Material for the task =>
Start of Block
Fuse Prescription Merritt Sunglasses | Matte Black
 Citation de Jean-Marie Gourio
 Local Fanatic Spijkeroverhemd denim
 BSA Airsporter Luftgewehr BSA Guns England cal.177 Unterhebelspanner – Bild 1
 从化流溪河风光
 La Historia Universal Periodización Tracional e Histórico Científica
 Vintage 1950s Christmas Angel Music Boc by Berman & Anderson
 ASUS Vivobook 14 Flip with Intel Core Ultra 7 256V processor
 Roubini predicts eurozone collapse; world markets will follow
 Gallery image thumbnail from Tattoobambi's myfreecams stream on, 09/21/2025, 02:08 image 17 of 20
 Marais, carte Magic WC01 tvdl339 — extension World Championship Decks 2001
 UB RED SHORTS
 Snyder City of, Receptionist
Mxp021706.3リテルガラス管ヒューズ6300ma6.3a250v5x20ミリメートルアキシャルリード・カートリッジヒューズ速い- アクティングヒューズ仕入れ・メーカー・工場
End of Block
Lines from the one containing "Marais, carte Magic" through the end of the data above must be written out exactly, and no other lines are needed.

 Marais, carte Magic WC01 tvdl339 — extension World Championship Decks 2001
 UB RED SHORTS
 Snyder City of, Receptionist
Mxp021706.3リテルガラス管ヒューズ6300ma6.3a250v5x20ミリメートルアキシャルリード・カートリッジヒューズ速い- アクティングヒューズ仕入れ・メーカー・工場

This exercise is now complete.